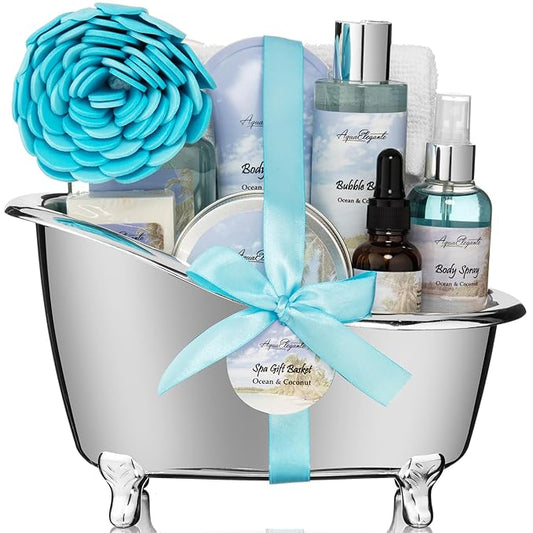 Spa Gift Baskets For Women - Luxury Bath Set With Ocean & Coconut - Spa Kit Includes Body Wash, Bubble Bath, Lotion, Body Butter, Soap, Body Spray, Shower Puff, and Towel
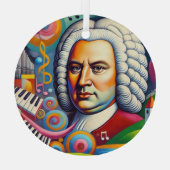 Johann Sebastian Bach Portrait Ornament Aus Glas (Rückseite)
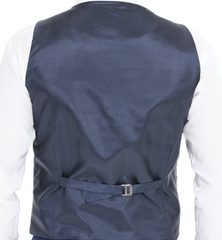 dark navy wool check waistcoat for men UK designer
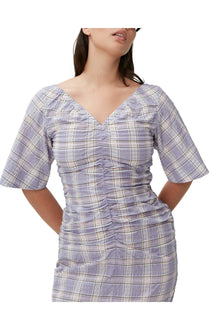 Seersucker Midi Dress | Check Persian Violet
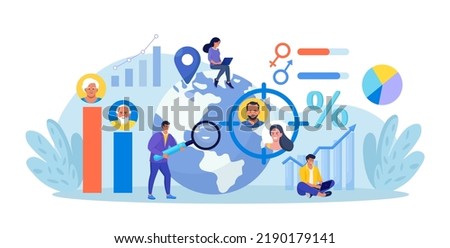Overpopulation, human crowd density growth on earth. Demographic statistics data for elderly people. Sociology. Demography, migration. Scientist studying population growth, analyze demographics data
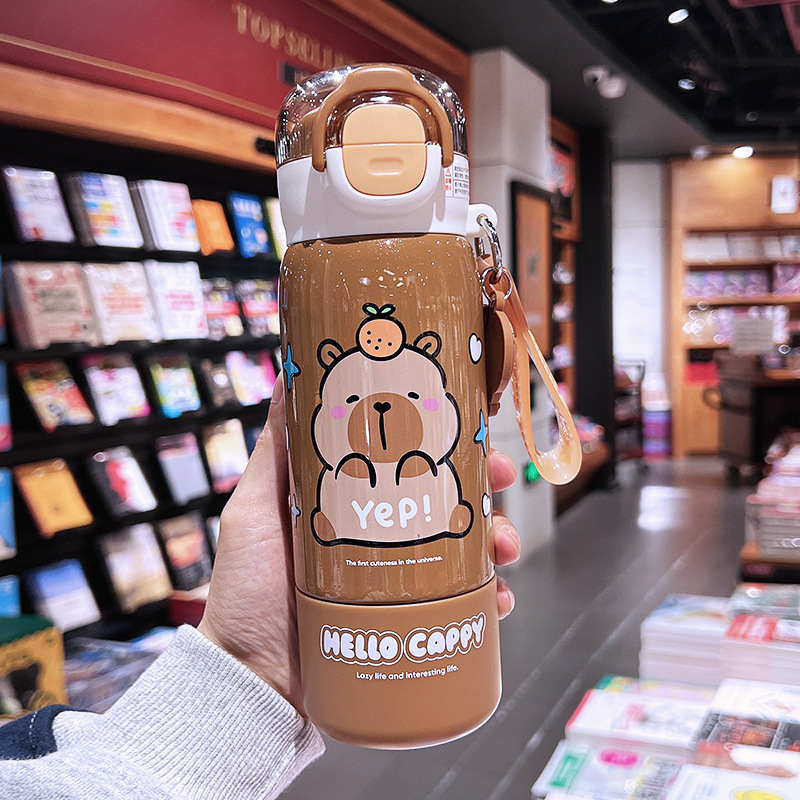 三丽鸥保温杯女孩可爱酷洛米吸管水杯儿童上学一杯三饮便携水壶|undefined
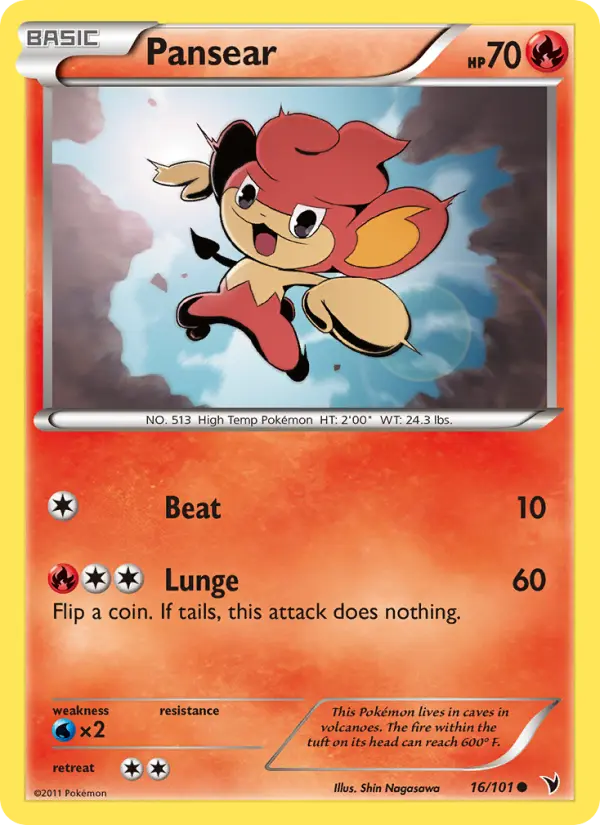 Pansear, Pokémon card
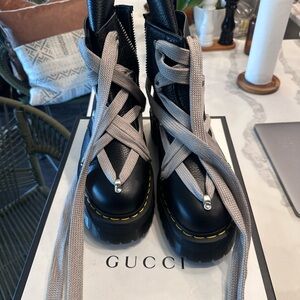 Dr. Martens Black Boots with Beige Laces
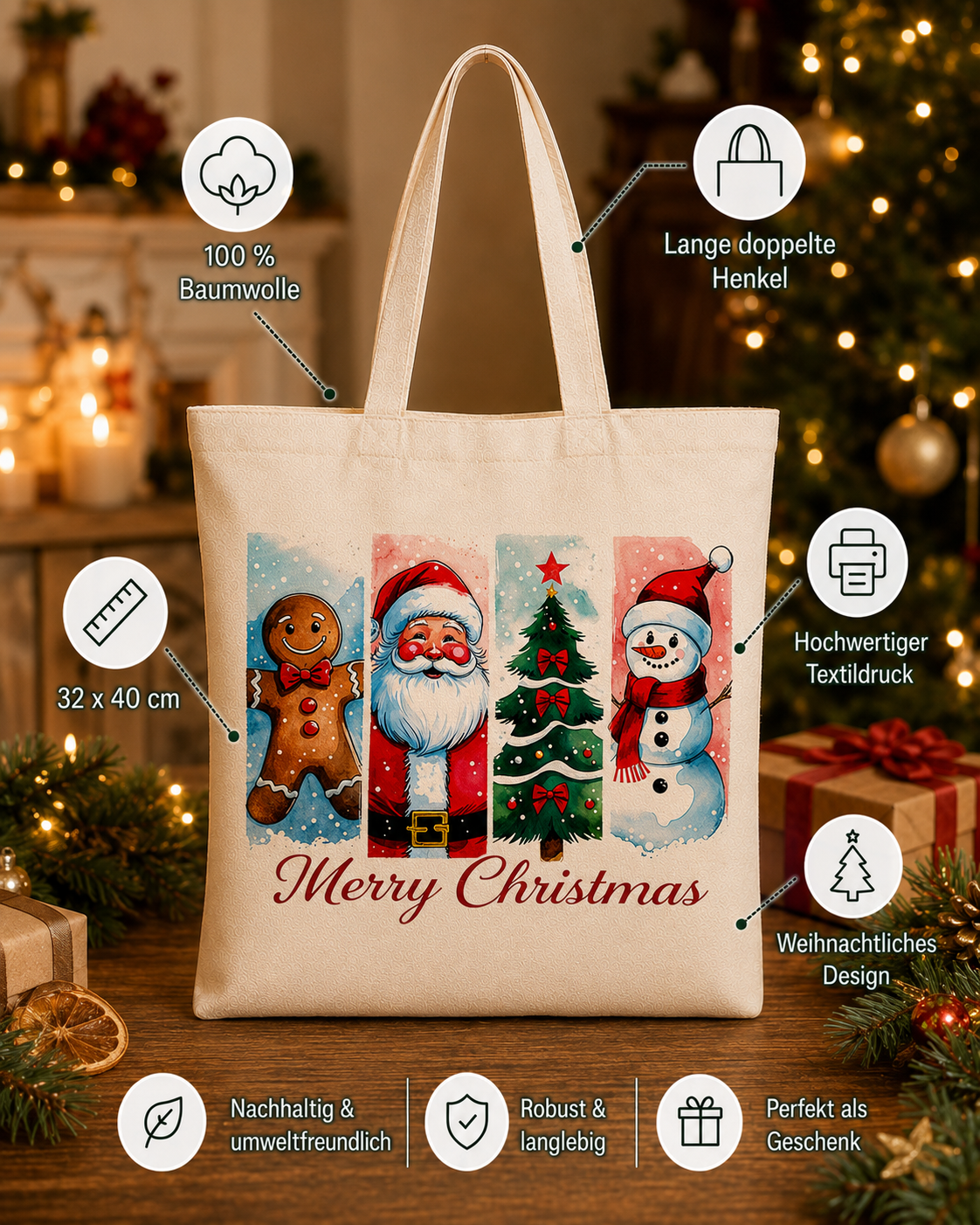 Merry Christmas – Weihnachtlicher Stoffbeutel mit Weihnachtsmann, Schneemann, Lebkuchenmann und Tannenbaum | Baumwolltasche | Geschenkidee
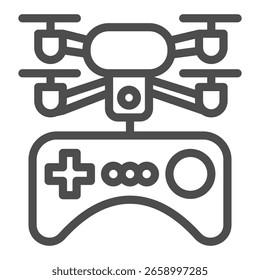 Drone copter con el icono de línea de joystick de control, concepto de electrónica portátil, quadcopter y gamepad signo sobre fondo blanco, icono de estilo de contorno para el móvil y el Diseño web. Gráficos de Vector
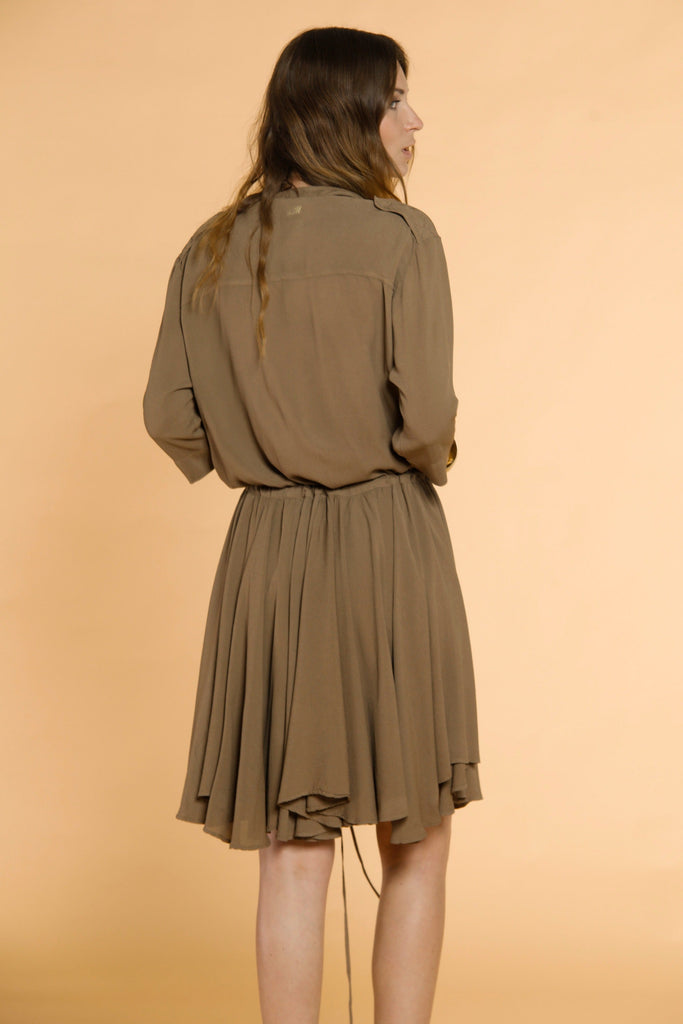Kaia woman dress in viscose with large pockets, drawstring and pleated skirt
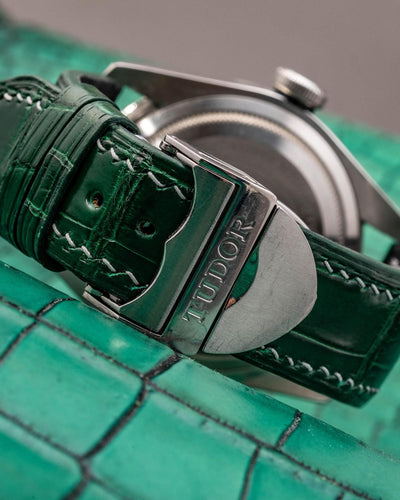 Bespoke Watch Strap in Hunter Green Crocodile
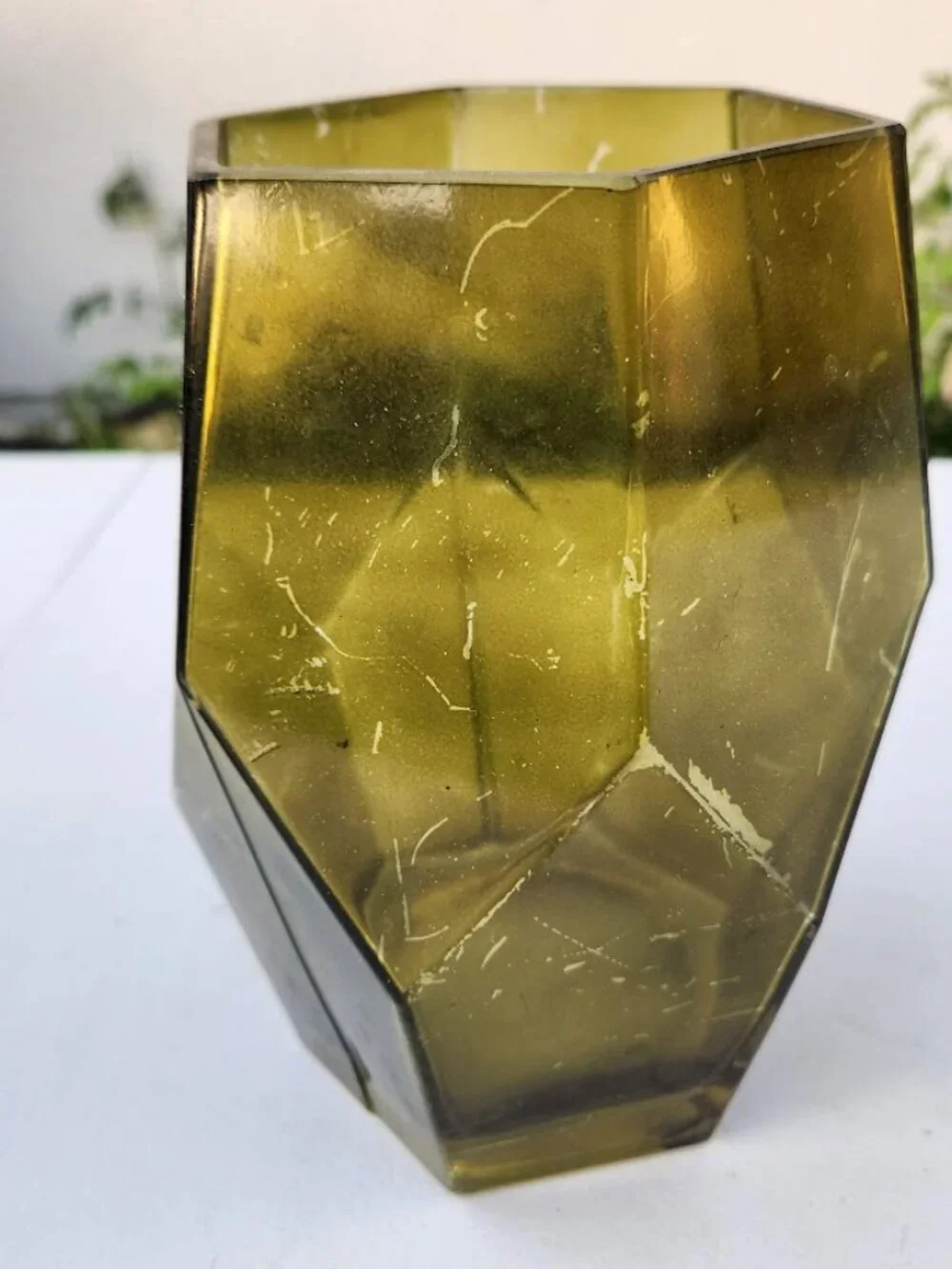 Beautiful Vintage Green Hexagon Vase Terrarium Decor Mid Century Modern Glass Ru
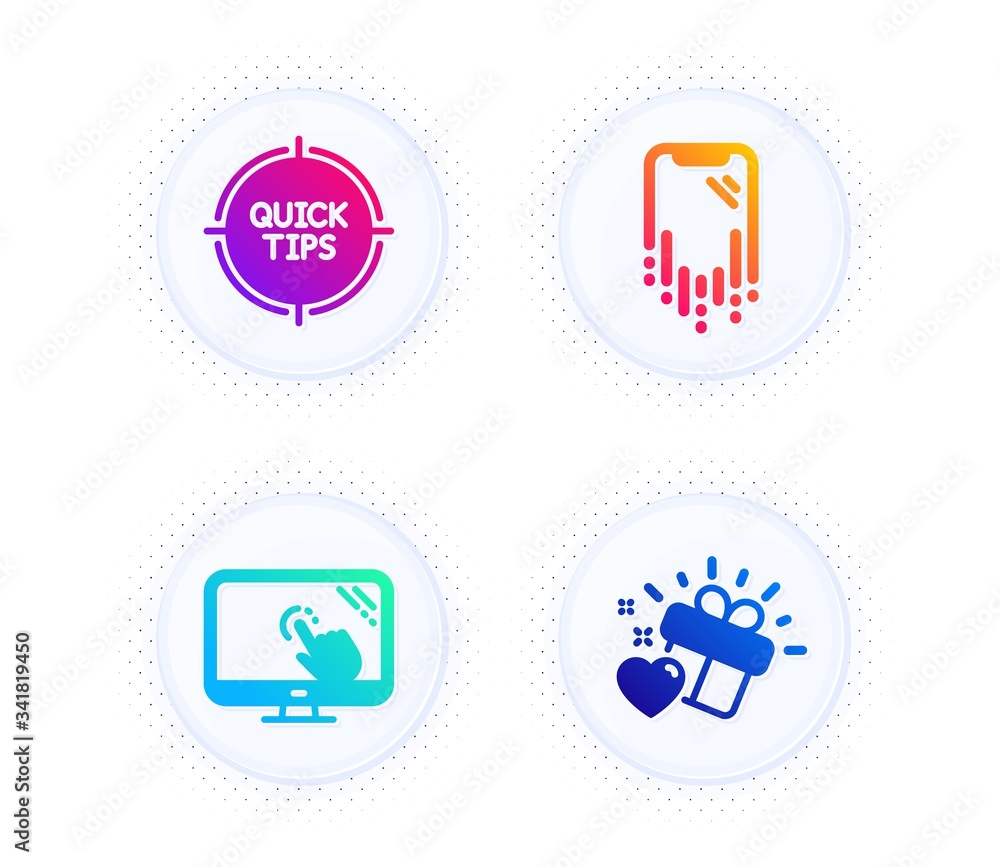 Tips, Smartphone recovery and Touch screen icons simple set. Button with halftone dots. Love gift sign. Quick tricks, Phone repair, Web support. Heart. Business set. Gradient flat tips icon. Vector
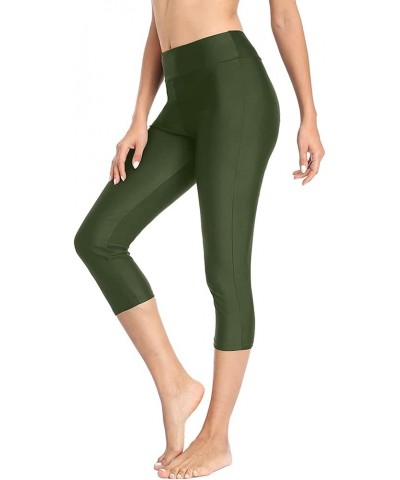 Women Swim Pants High Waist UV Rash Guard Sports Capris Swimsuit Swimming Leggings Military Green $11.76 Swimsuits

#### [THE PROBLEM]
Copy every line of the data word for word, omitting the images.

#### [EXERCISE ANSWER]
 Spa Gift Baskets For Women - Luxury Bath Set With Ocean & Coconut - Spa Kit Includes Body Wash, Bubble Bath, Lotion, Body Butter, Soap, Body Spray, Shower Puff, and Towel
 Johann Sebastian Bach Portrait Ornament Aus Glas (Rückseite)
 dark navy wool check waistcoat for men UK designer
 Seersucker Midi Dress | Check Persian Violet
Overpopulation, human crowd density growth on earth. Demographic statistics data for elderly people. Sociology. Demography, migration. Scientist studying population growth, analyze demographics data
 三丽鸥保温杯女孩可爱酷洛米吸管水杯儿童上学一杯三饮便携水壶|undefined
 Pansear, Pokémon card
 Dr. Martens Black Boots with Beige Laces
 Merry Christmas – Weihnachtlicher Stoffbeutel mit Weihnachtsmann, Schneemann, Lebkuchenmann und Tannenbaum | Baumwolltasche | Geschenkidee
 Drone copter con el icono de línea de joystick de control, concepto de electrónica portátil, quadcopter y gamepad signo sobre fondo blanco, icono de estilo de contorno para el móvil y el Diseño web. Gráficos de Vector
Kaia woman dress in viscose with large pockets, drawstring and pleated skirt
 Bespoke Watch Strap in Hunter Green Crocodile
 Beautiful Vintage Green Hexagon Vase Terrarium Decor Mid Century Modern Glass Ru
 Tips, Smartphone recovery and Touch screen icons simple set. Button with halftone dots. Love gift sign. Quick tricks, Phone repair, Web support. Heart. Business set. Gradient flat tips icon. Vector
 Women Swim Pants High Waist UV Rash Guard Sports Capris Swimsuit Swimming Leggings Military Green $11.76 Swimsuits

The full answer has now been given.